EDITORS’ PREFACE

E. A. ARMSTRONG will be already known to the readers of the New Naturalist Series as the writer of one of the most important monographs on a single species of animal, his famous study, The Wren, published in 1955.

Wide scholarship and talents have fitted him uniquely for the authorship of The Wren’s most unusual sequel. We use the word ‘unusual’ deliberately because his The Folklore of Birds is a most extraordinary book. It could only have been written by a scholar with a deep understanding, not only of ornithology, but of social anthropology, psychology and religion.

Armstrong has selected an assemblage of well-known birds upon which to base what he describes in his sub-title as “An enquiry into the origin and distribution of some magico-religious traditions.” He has set himself the task of revealing the general principles that underlie the evolution and diffusion of beliefs and symbols. With the scientist’s eye and the scientist’s methods of analysis and investigation he has examined the development of myth and ritual with originality and ingenuity. It is hard for us to make a choice from the multitude of those odd and interesting facts which Armstrong cites in this book, to bring to the reader’s attention. Customs such as “breaking the wish-bone” are explained with new and brilliant reasoning. Every kind of naturalist—and archaeologists, folklorists and ornithologists are all naturalists—will follow with interest his compelling studies of the origins of such beliefs as those concerning weather-prophet birds, and of such fables as that of the generation of the barnacle goose from barnacles.

We do not know of any previous attempt of such importance to trace beliefs concerning birds as far back as possible in time, and to identify the cultures in which they must have originated. Armstrong has examined groups of folk-lore beliefs, it seems to us, in just the same way as an archaeologist examines a series of artifacts; and we know of no other scholar who has given folk-lore just this sort of treatment, classifying beliefs and notions in a system based upon the eopchs in which they originated.

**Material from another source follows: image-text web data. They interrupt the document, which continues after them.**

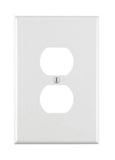 Leviton 80503-W Receptacle Wallplate, 4-7/8 in L, 3-1/8 in W, Midway, 1 -Gang, Plastic, White, Surface Mounting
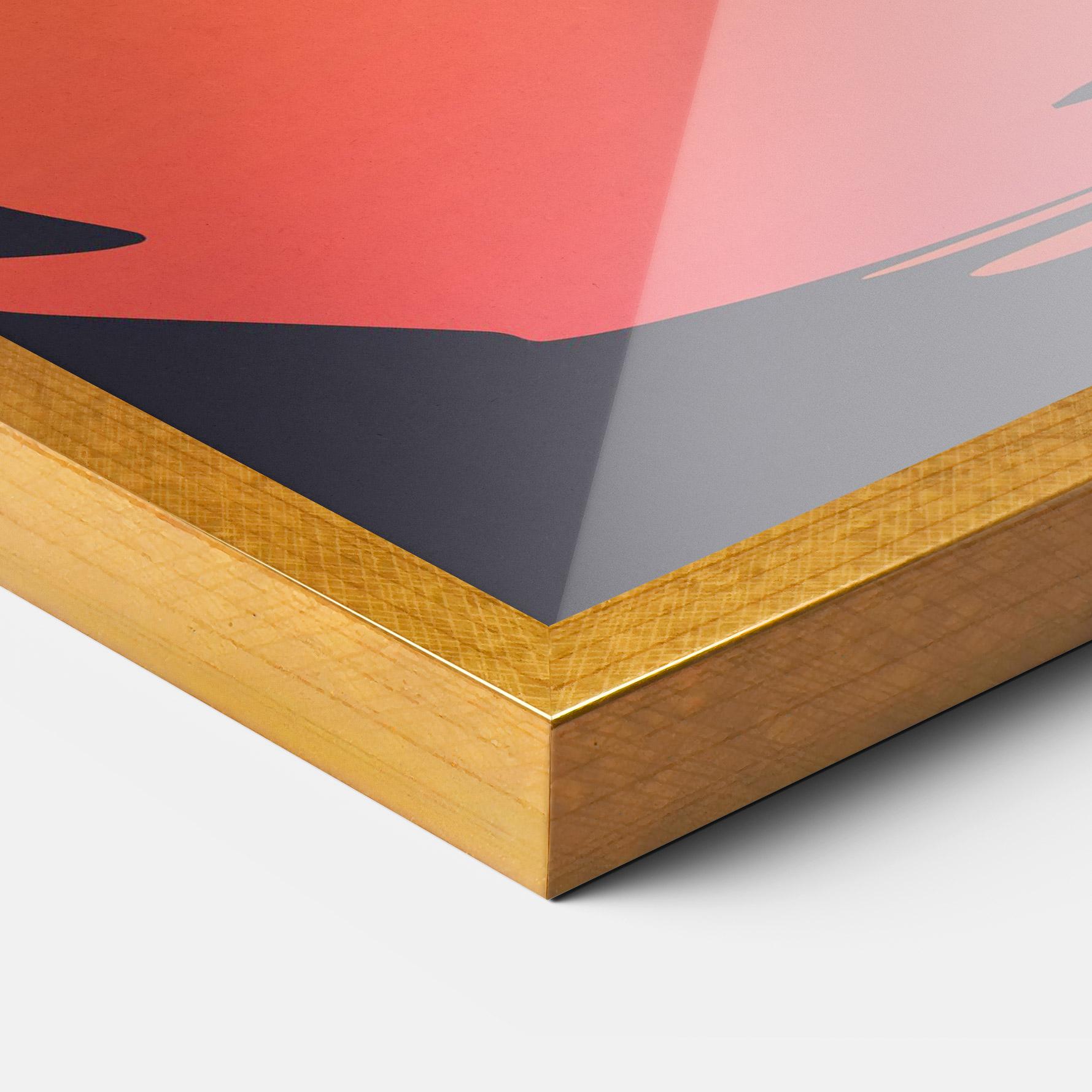 Poster Înrămat Orange Surfer Art mockup 3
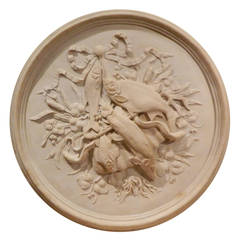Neoclassical Style Relief Wall Plaque Depicting a Trophy with Fish, 20th Century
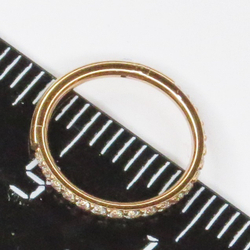 Кольцо для пирсинга, кликер 10 мм с кристаллом, толщина 1,2 мм. Титан G23. Цвет - розовое золото 1 шт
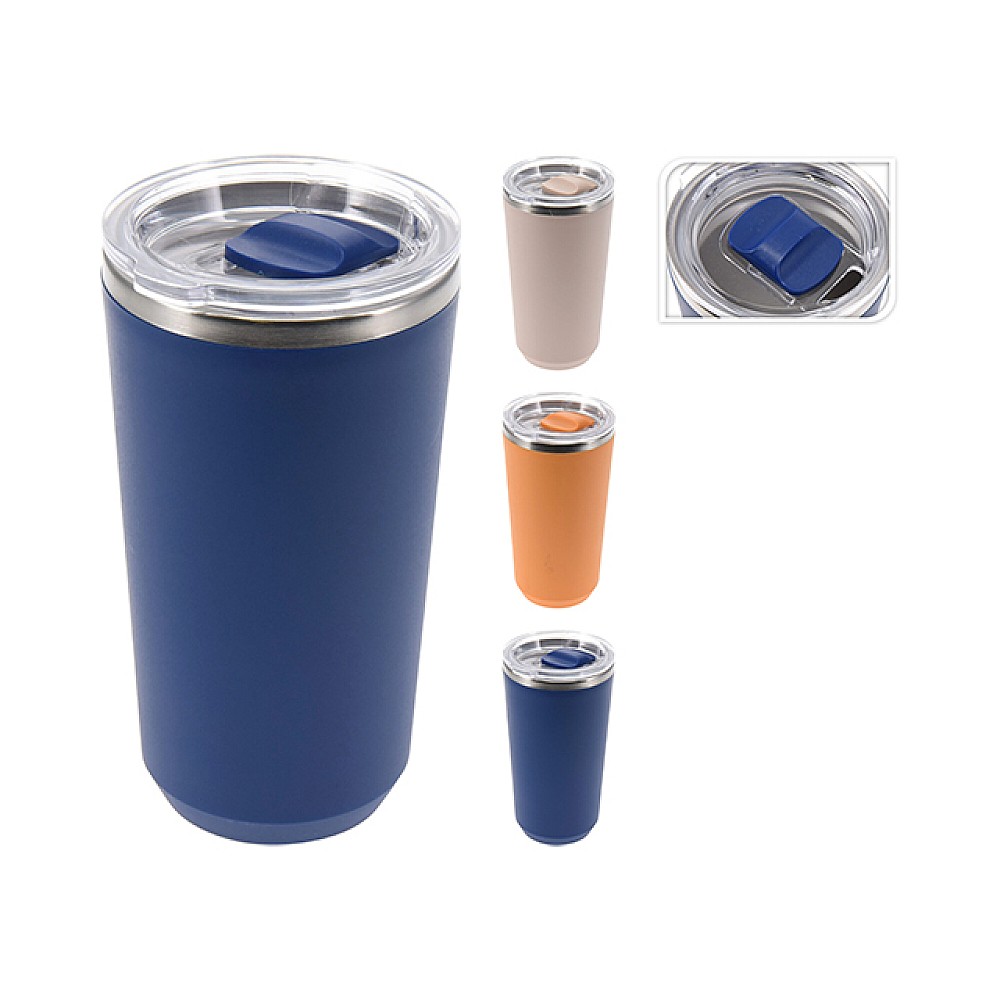 Termo pahar pentru bauturi cu capac 420 ml, metal/plastic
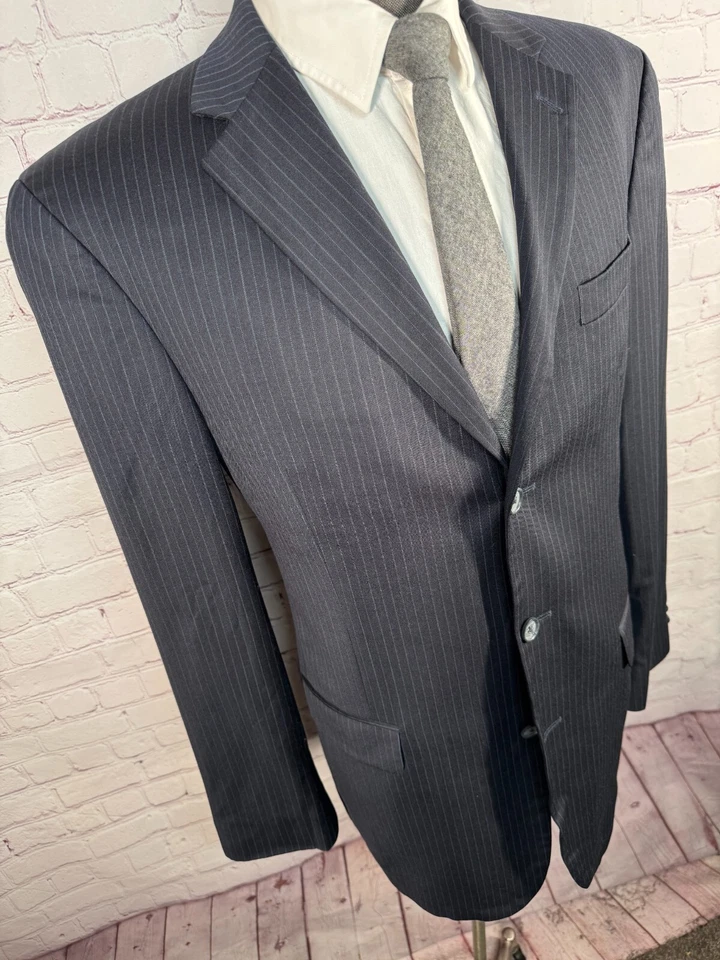 STAFFORD Mens Navy Blue Wool Pinstripe Pleated 2 Pc Suit 40L Jacket 36x32 Pant - Image 4 of 4
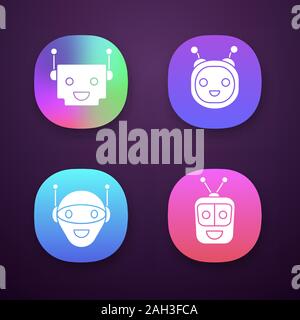 App Chatbots set di icone. UI/UX interfaccia utente. Talkbots. Ridendo assistenti virtuali. Gli agenti di conversazione. Moderno robot. Web o applicazioni mobili. Illustrazione Vettoriale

Armstrong has, indeed, combined the facts derived from archaeology with oral and literary traditions, to illustrate the origins and significance of much of the current folk-lore of birds. Some of the magico-religious myths and cults, of which these fragmentary traditions are the relics, prevailed in the past throughout most of northern Europe and Asia and in some areas of North America. Such beliefs were carried about the world in the streams of culture, and their travels are often illuminated by graphic motifs and imagery, much of which is reproduced in the pages of this book, and some of which—from the old Stone Age to modern times—can be held to be artistic masterpieces.

Promoting, as it does, our understanding, both of man and nature, this is a book that we are proud to sponsor.